Çİftçi-Sen son olarak Kütahya’daki siyanür barajı taşkını olayının da kamuoyu gündemine getirmesiyle, tehlikesi bir defa daha ortaya çıkan siyanürlü liç yöntemi konusunda bir basın açıklaması yayınladı.”Kârı bir kişiye zararı binlerce kişiye ve canlıya olan vahşi politikalar derhal terk edilmeli. Çiftçilerin toprakları, suları zehirlenmeden tarımsal üretim yapma ve topraklarında yaşama hakkı korunmalıdır” ifadelerine yer verilen açıklama şöyle:
Kütahya’da gümüş üretimi yapılan ve özelleştirilerek Söğütsen Seramik A.Ş’ye verilen Eti Gümüş A.Ş’ ye ait tesisteki üç kademeli siyanür barajının setlerinden biri çöktü. İşletmede depolanmış bulunan 25 milyon ton siyanürlü atığın her an son duvarı yıkıp barajı aşma riski var. Bu felaket gerçekleştiği takdirde buradan yayılacak siyanür Sakarya nehri havzasındaki bütün canlı yaşamını ve tarımsal üretimi on yıllar boyunca onarılamaz biçimde olumsuz etkileyecek. Tehlikenin boyutu çok yüksek.
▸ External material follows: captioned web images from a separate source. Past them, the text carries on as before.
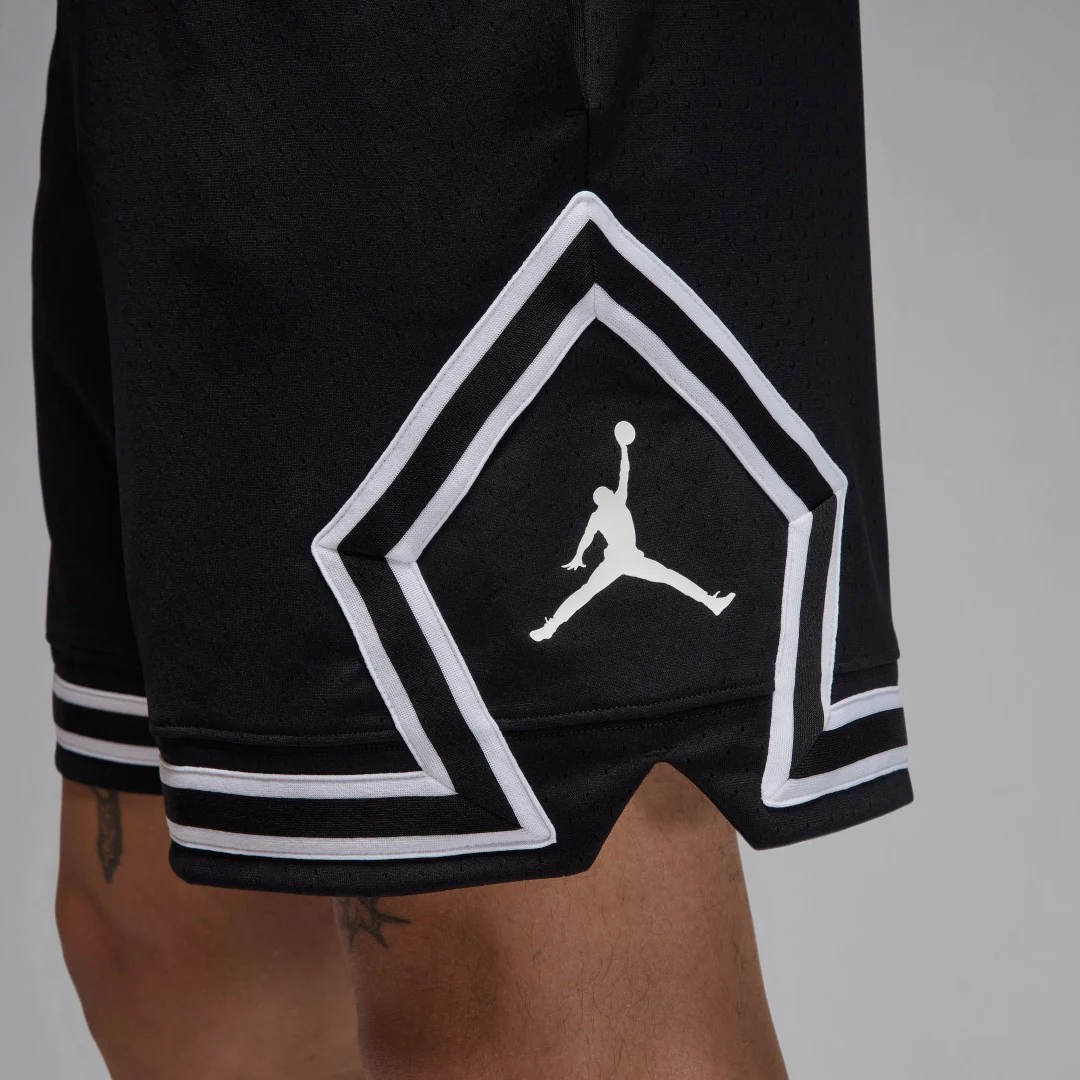 Jordan Sport Dri-FIT Mesh Diamond Shorts - Image 5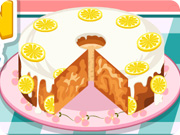 play Lemon Sponge Cake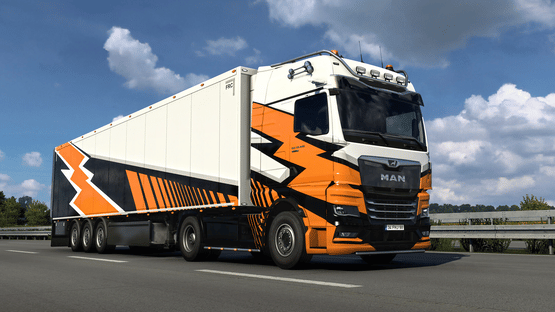 Euro Truck Simulator 2: Modern Lines Paint Jobs Pack Screenshot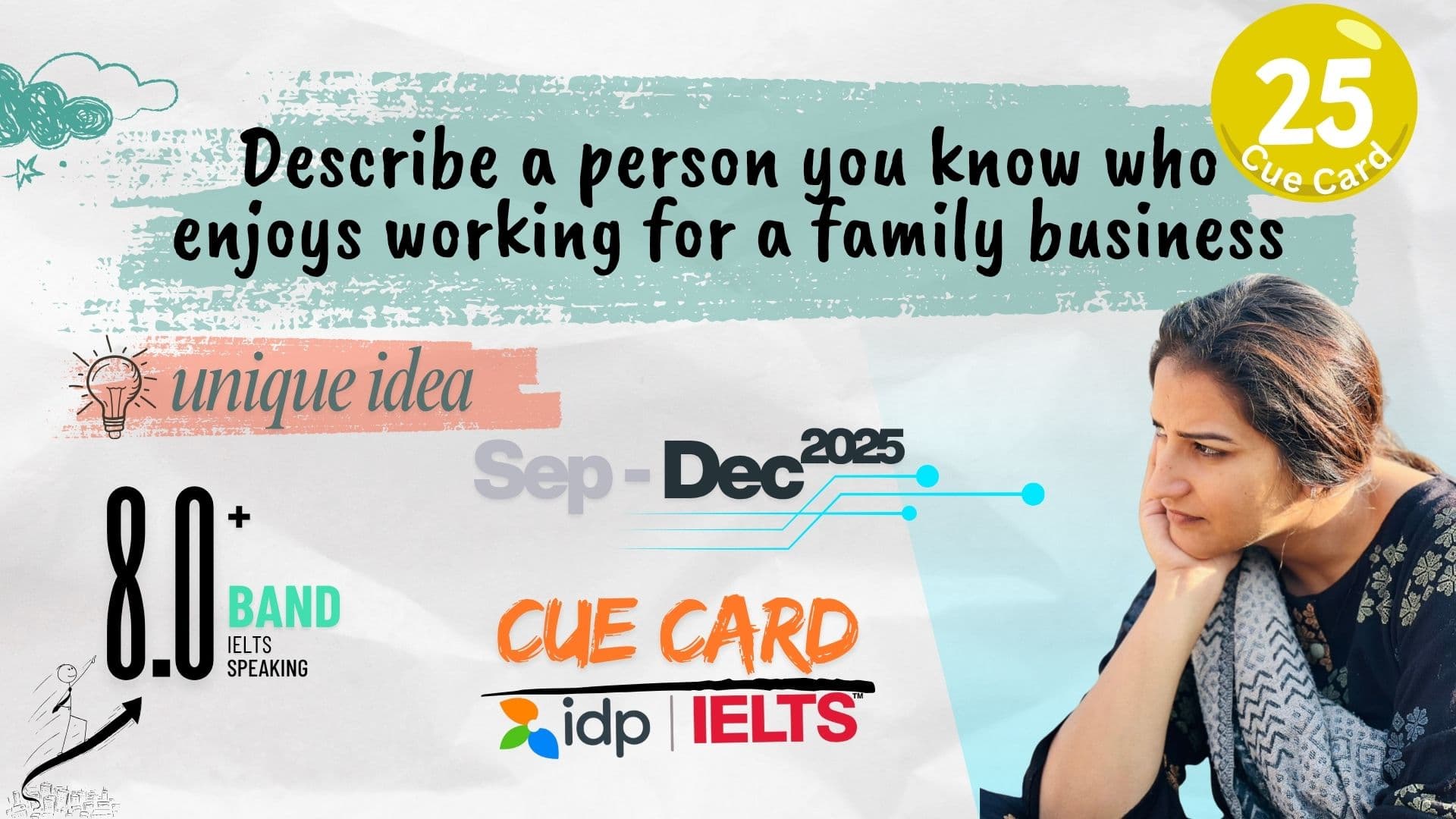 Describe a person you know who enjoys working for a family business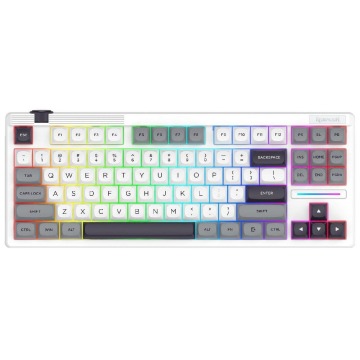 Klawiatura Klawiatura gamingowa Redragon Otim Pro K729WGB-RGB-PRO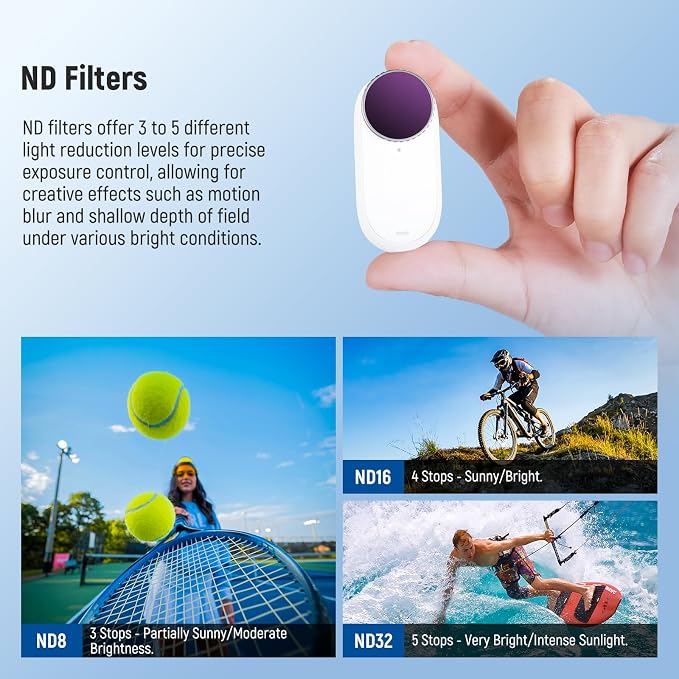 NEEWER ND Filter Set Compatible
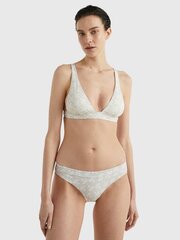 Плавки Tommy Hilfiger TH Monogram Print Bikini Monogram White цена и информация | Женский купальник, разноцветный | kaup24.ee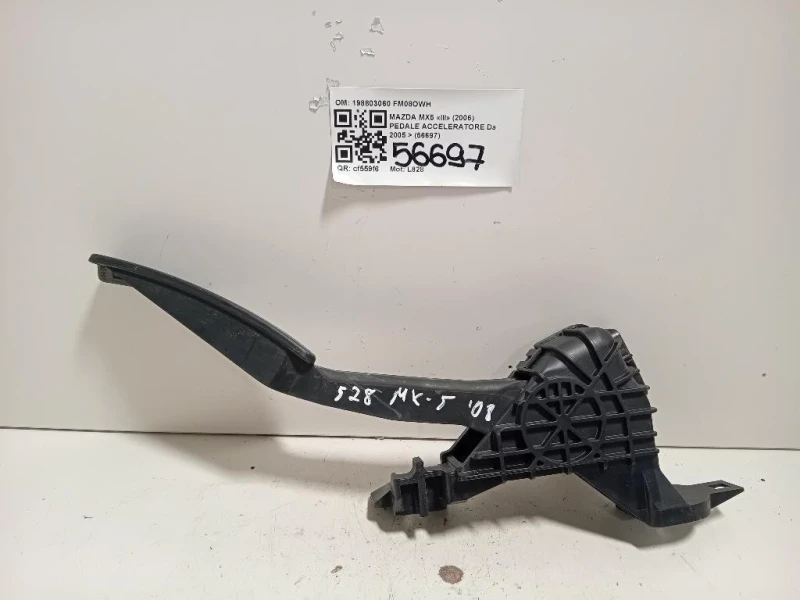 Pedale Acceleratore 198803060 Mazda MX5 III 2006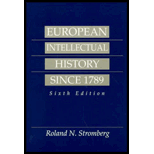 European Intellectual History Since 1789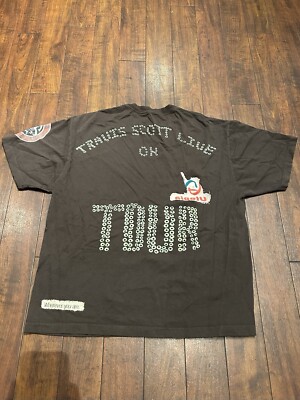 Travis Scott Utopia Circus Maximus Tour VIP Exclusive Tee Size XL
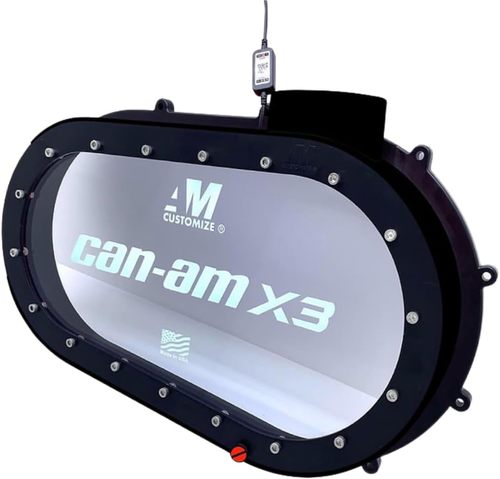 מכסה וריאטור שקוף ל X3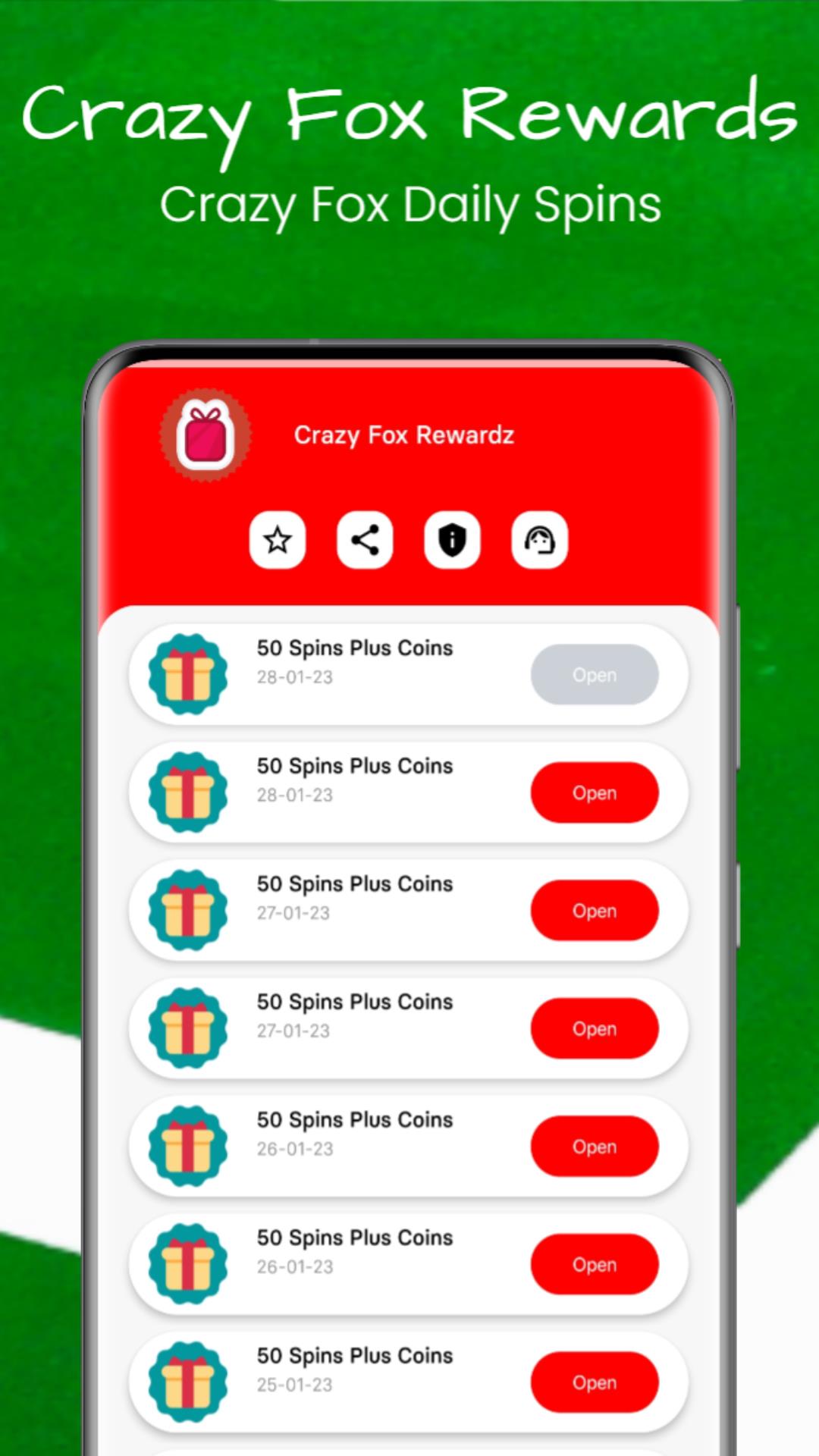 Crazy Fox Rewardz应用截图第2张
Türkiye’de siyanür liçi yöntemiyle yapılması planlanan madencilik faaliyetlerine karşı yaklaşık 20 yıldır çiftçiler, köylüler, yaşam savunucuları ve bilim insanları tarafından yürütülen bir mücadele var. Bu süreçte, duyarlılıklarını demokratik yollarla ifade eden kitlelere karşı yıpratma, karalama, susturma, baskı kurma kampanyaları düzenlendi. Kendilerinin ve tüm canlıların yaşam hakkını savunan bu insanlara karşı casus suçlamasıyla davalar bile açıldı. Hükümetler prensip kararı adı altında hukuken yok hükmünde kararlar alarak yasadışı biçimde bu işletmelerin faaliyetlerine izin verdiler. İzin vermekle de kalmadılar, Türkiye yüzölçümünün %54’sını madencilik faaliyetlerine tahsis ettiler. Bu faaliyetlerin büyük çoğunluğunu ise başta altın madenciliği olmak üzere siyanür liçi kullanılan faaliyetler oluşturuyor.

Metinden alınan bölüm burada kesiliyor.